• **STORED DATA**
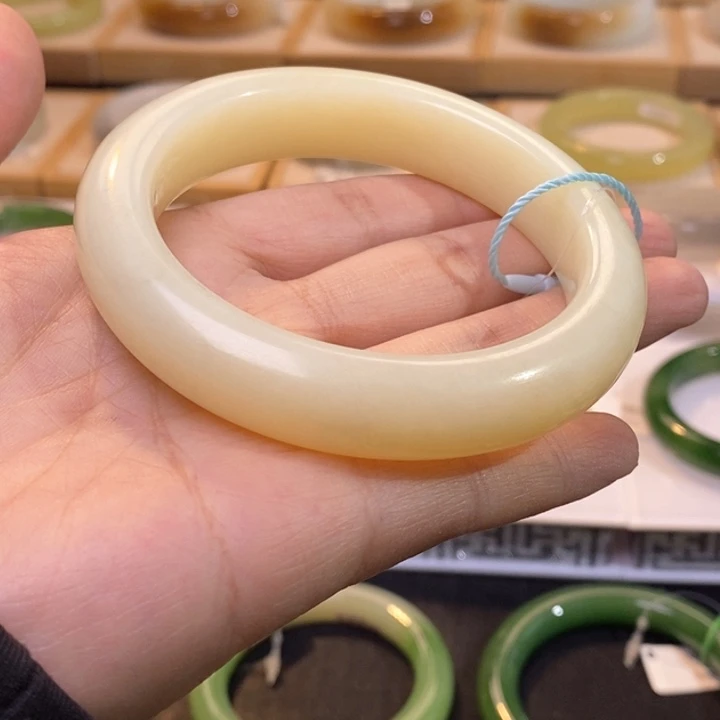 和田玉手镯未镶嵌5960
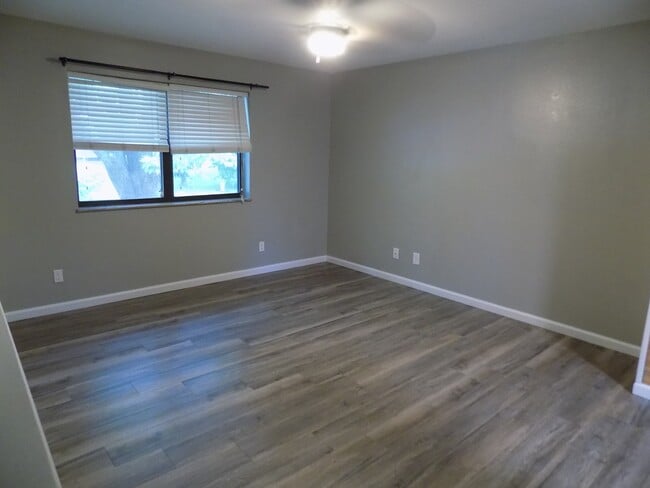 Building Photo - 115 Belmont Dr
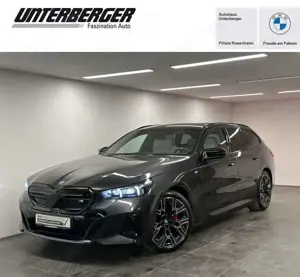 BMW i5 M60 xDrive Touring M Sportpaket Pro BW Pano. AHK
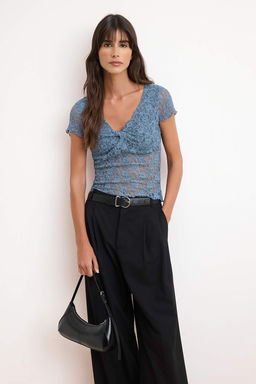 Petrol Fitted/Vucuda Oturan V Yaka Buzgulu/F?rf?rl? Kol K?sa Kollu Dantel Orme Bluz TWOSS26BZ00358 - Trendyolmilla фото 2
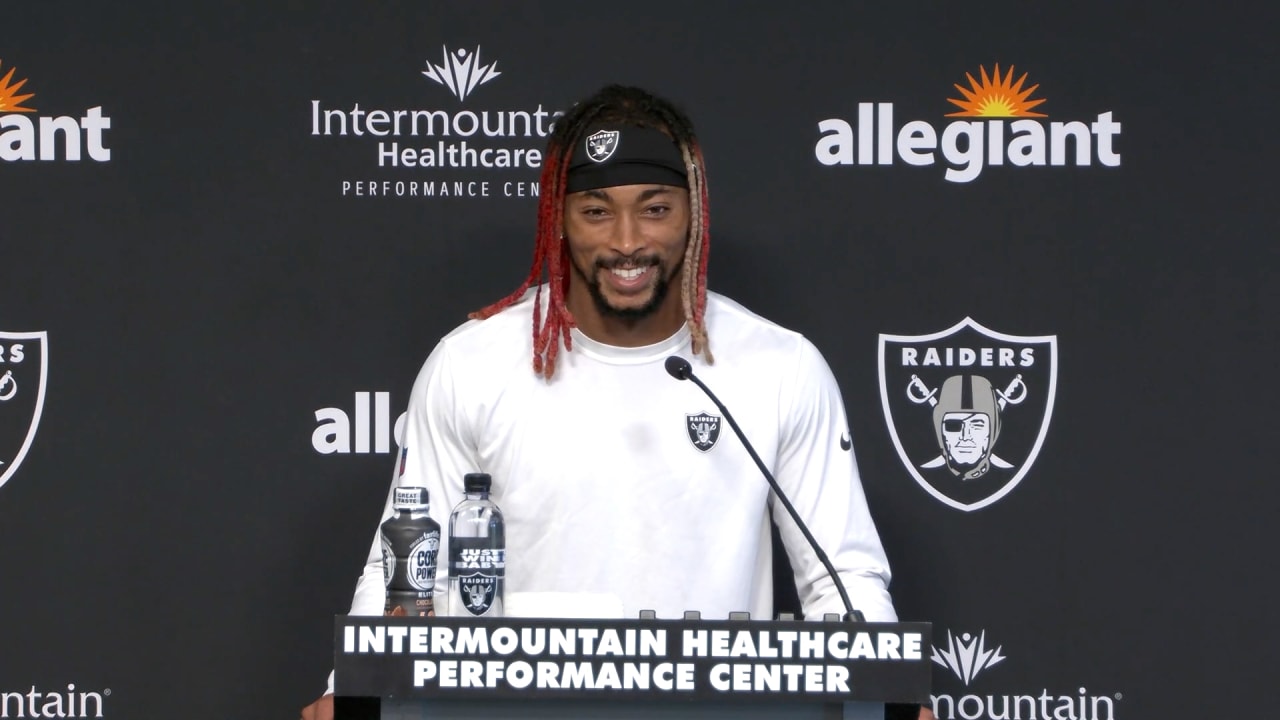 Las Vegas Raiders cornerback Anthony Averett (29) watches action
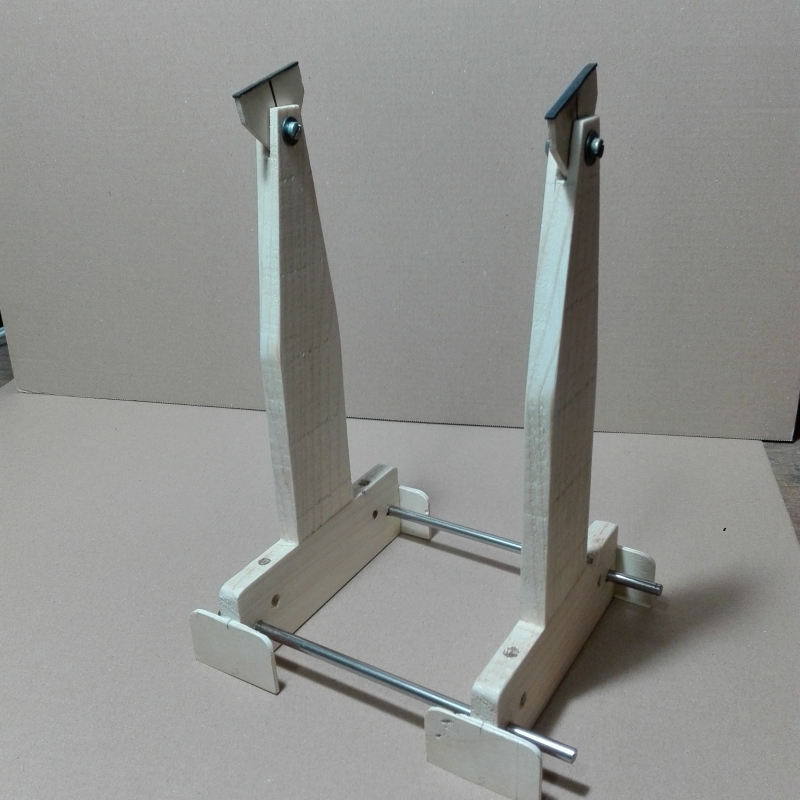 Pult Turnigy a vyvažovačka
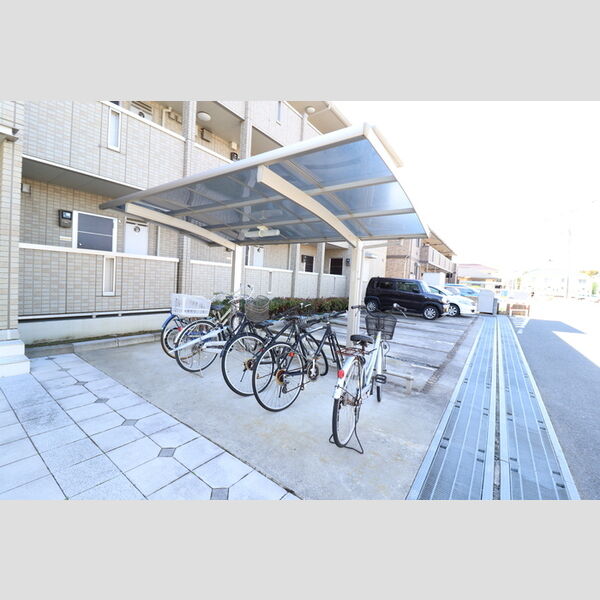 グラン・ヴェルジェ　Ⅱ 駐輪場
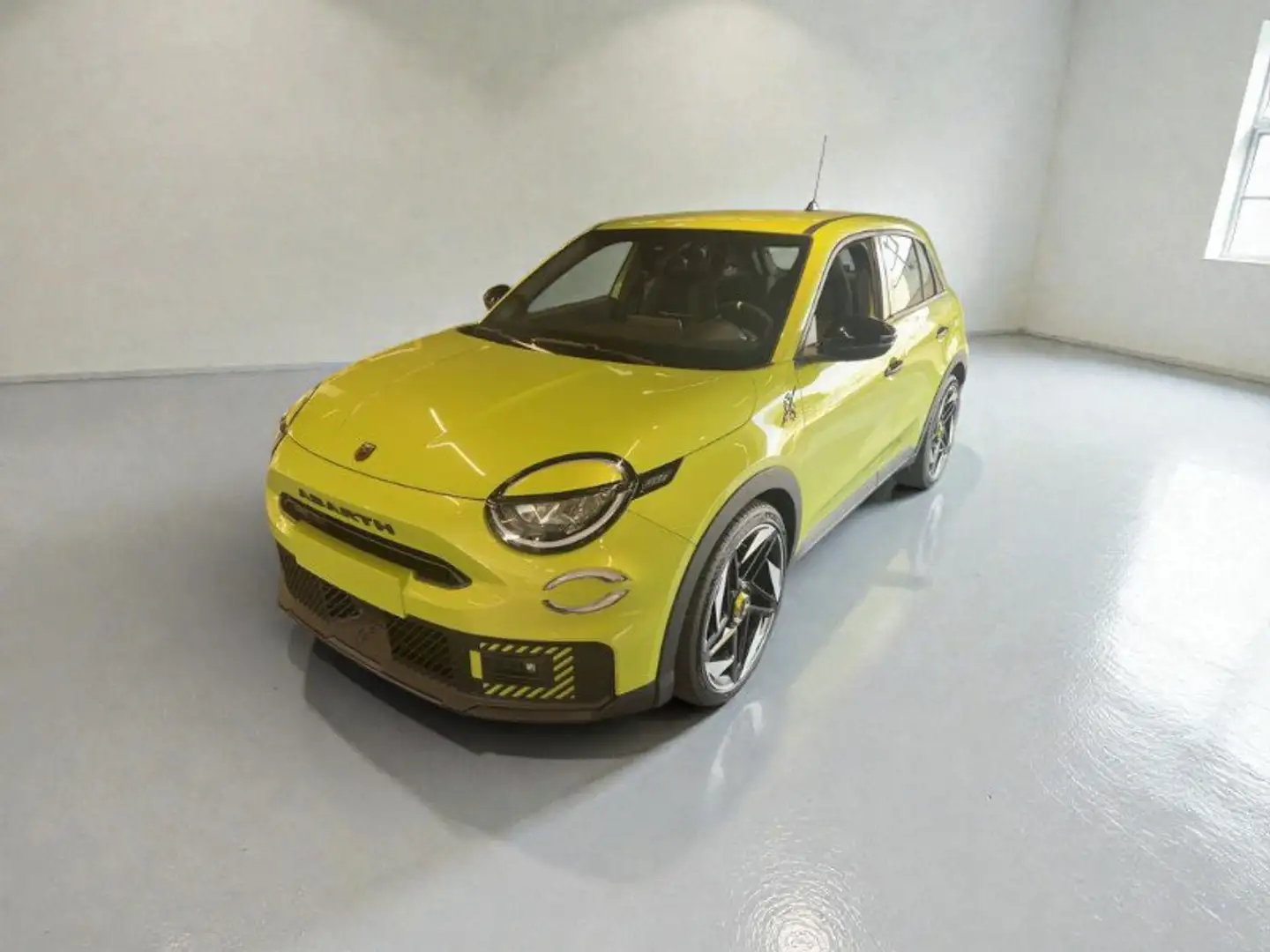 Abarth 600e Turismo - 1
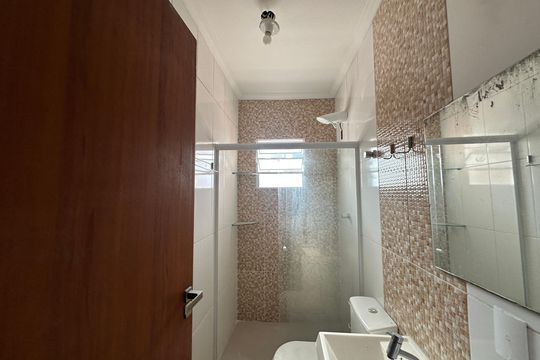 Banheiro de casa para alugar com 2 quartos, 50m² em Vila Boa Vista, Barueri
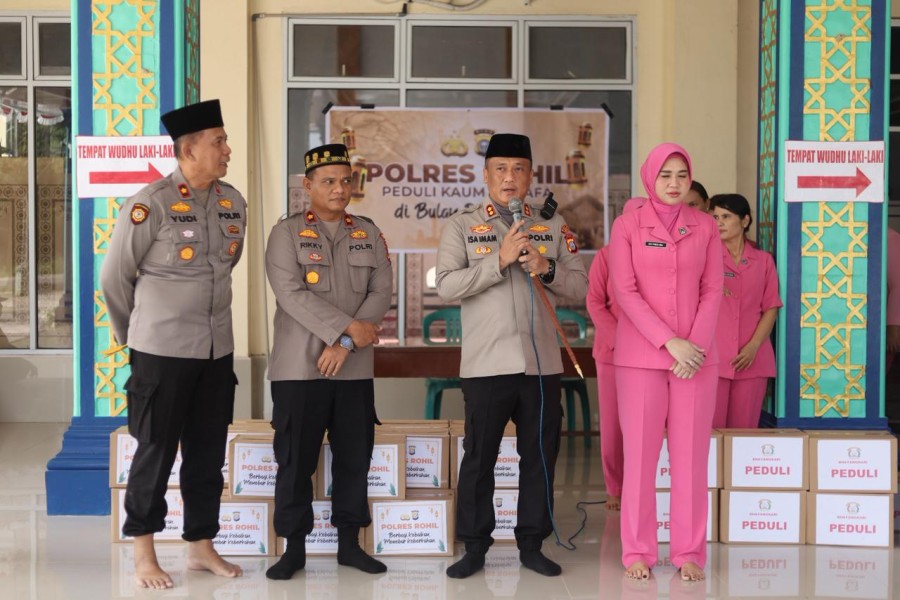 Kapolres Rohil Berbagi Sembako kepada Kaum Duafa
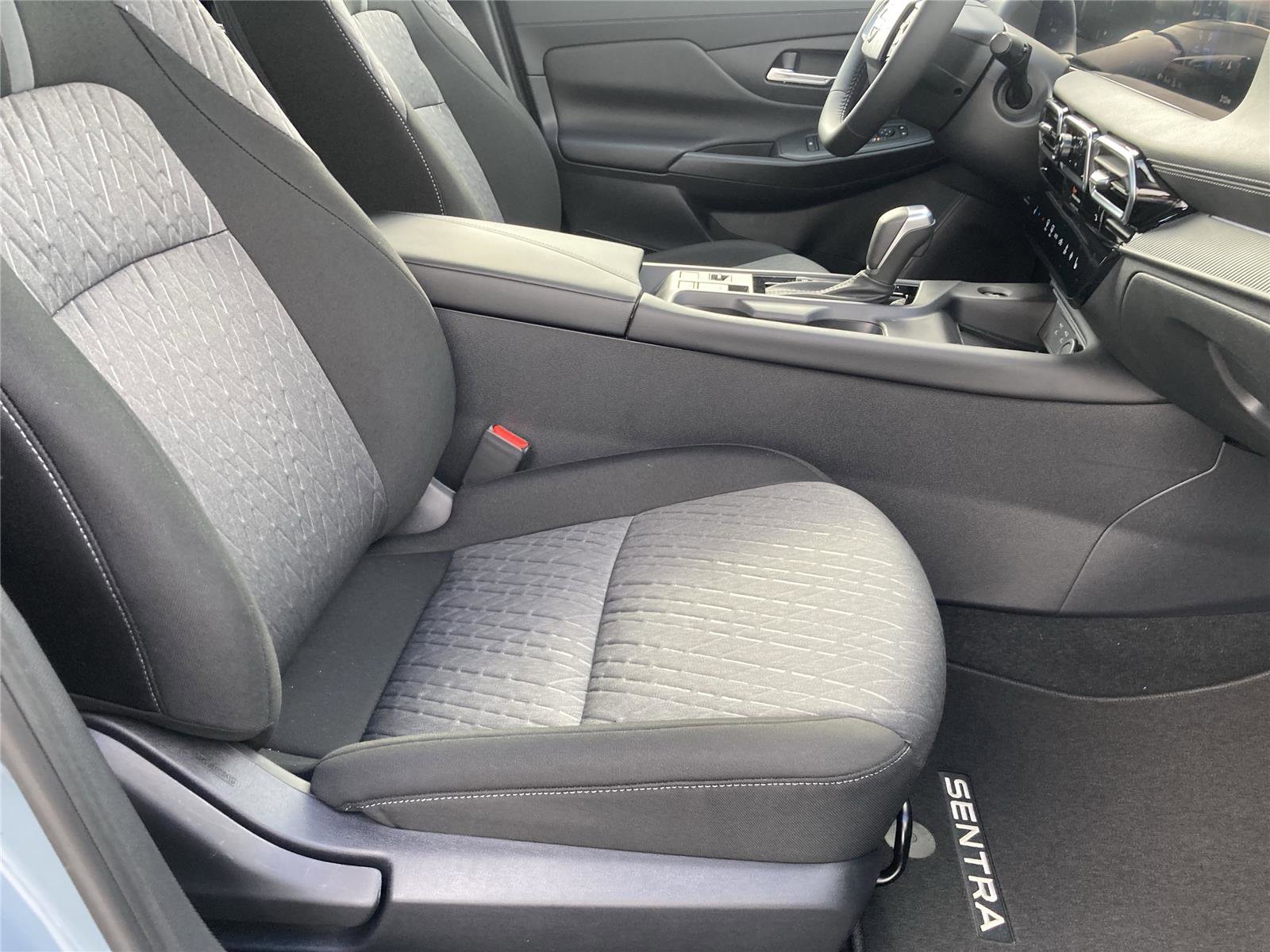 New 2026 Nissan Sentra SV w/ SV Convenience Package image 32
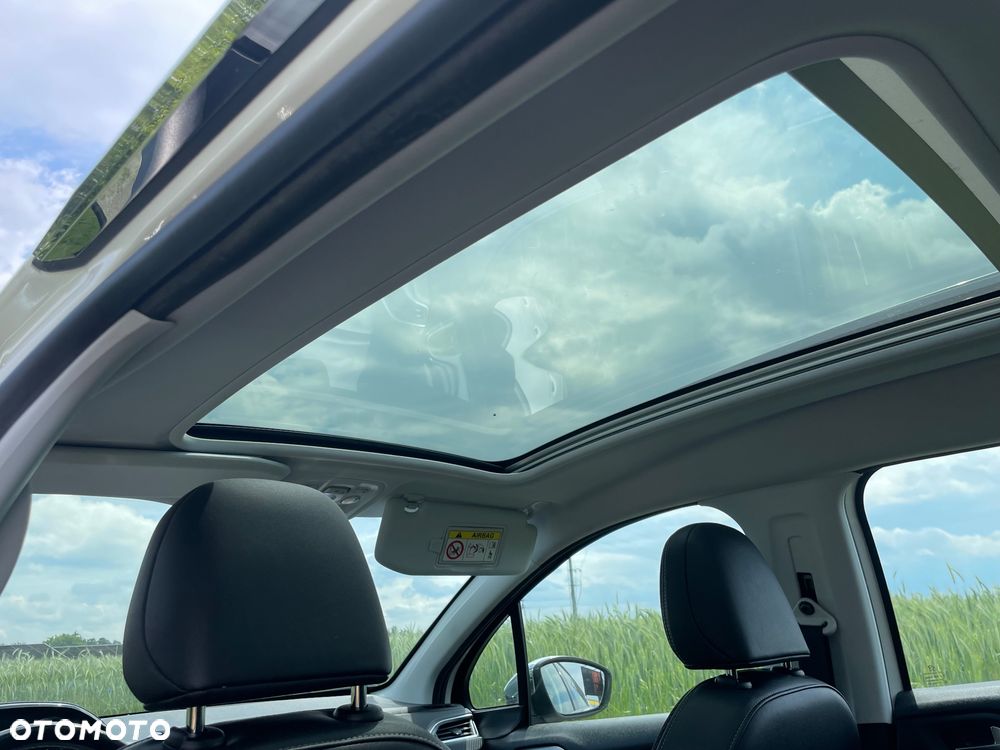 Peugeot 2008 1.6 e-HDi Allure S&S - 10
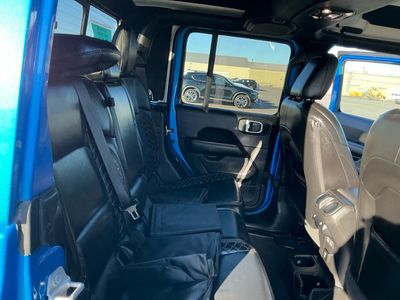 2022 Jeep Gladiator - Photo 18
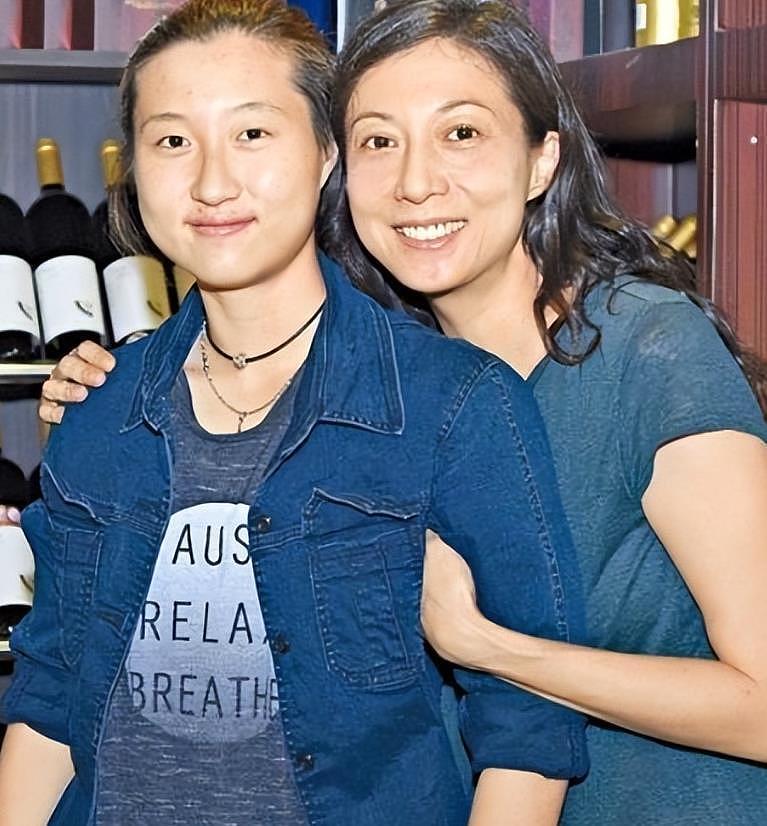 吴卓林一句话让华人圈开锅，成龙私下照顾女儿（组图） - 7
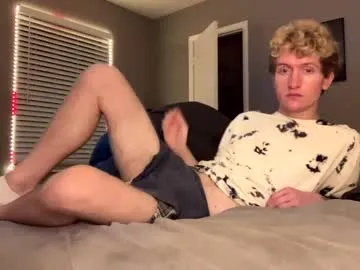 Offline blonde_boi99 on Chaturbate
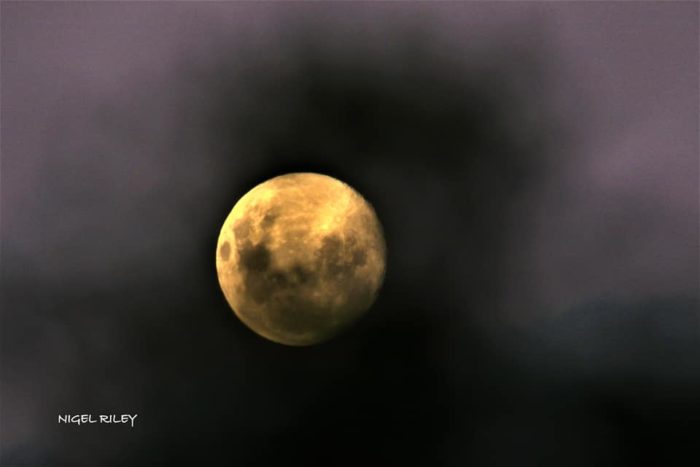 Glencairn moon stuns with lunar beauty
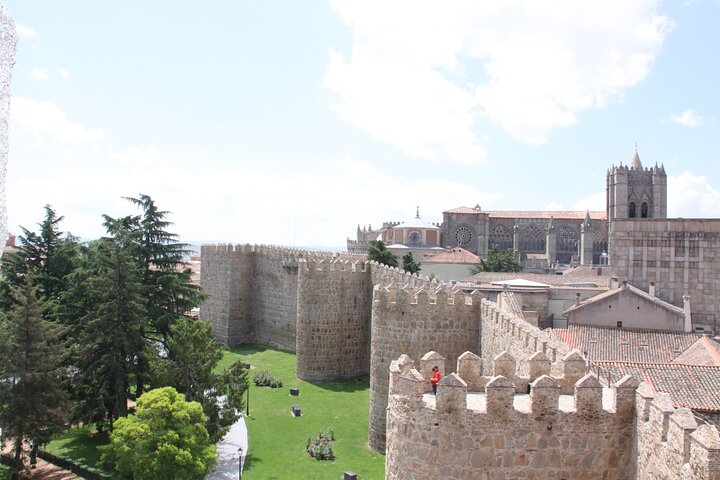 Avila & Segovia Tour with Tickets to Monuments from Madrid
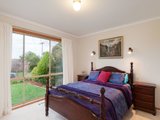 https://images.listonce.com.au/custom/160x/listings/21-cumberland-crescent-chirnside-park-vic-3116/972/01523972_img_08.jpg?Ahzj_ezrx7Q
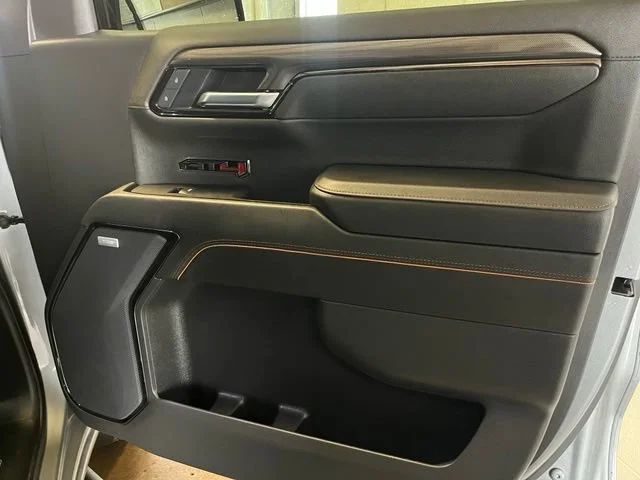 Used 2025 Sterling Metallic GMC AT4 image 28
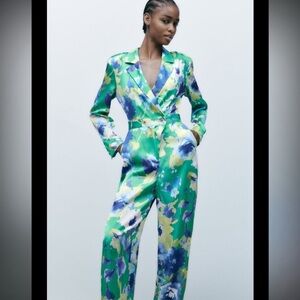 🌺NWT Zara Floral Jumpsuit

• **TASK DETAILS**
Write out the lines of the material from the one containing "Building Photo - 115 Belmont Dr" through the last, exactly and only those. Leave every picture out.

• **THE ANSWER**
 Building Photo - 115 Belmont Dr
 BMW i5 M60 xDrive Touring M Sportpaket Pro BW Pano. AHK
 Petrol Fitted/Vucuda Oturan V Yaka Buzgulu/F?rf?rl? Kol K?sa Kollu Dantel Orme Bluz TWOSS26BZ00358 - Trendyolmilla фото 2
 Las Vegas Raiders cornerback Anthony Averett (29) watches action
 Pult Turnigy a vyvažovačka
 グラン・ヴェルジェ　Ⅱ 駐輪場
 Abarth 600e Turismo - 1
 Banheiro de casa para alugar com 2 quartos, 50m² em Vila Boa Vista, Barueri
 Kapolres Rohil Berbagi Sembako kepada Kaum Duafa
 New 2026 Nissan Sentra SV w/ SV Convenience Package image 32
 Peugeot 2008 1.6 e-HDi Allure S&S - 10
 2022 Jeep Gladiator - Photo 18
 吴卓林一句话让华人圈开锅，成龙私下照顾女儿（组图） - 7
 Offline blonde_boi99 on Chaturbate
 Glencairn moon stuns with lunar beauty
 Avila & Segovia Tour with Tickets to Monuments from Madrid
 https://images.listonce.com.au/custom/160x/listings/21-cumberland-crescent-chirnside-park-vic-3116/972/01523972_img_08.jpg?Ahzj_ezrx7Q
 Used 2025 Sterling Metallic GMC AT4 image 28
 🌺NWT Zara Floral Jumpsuit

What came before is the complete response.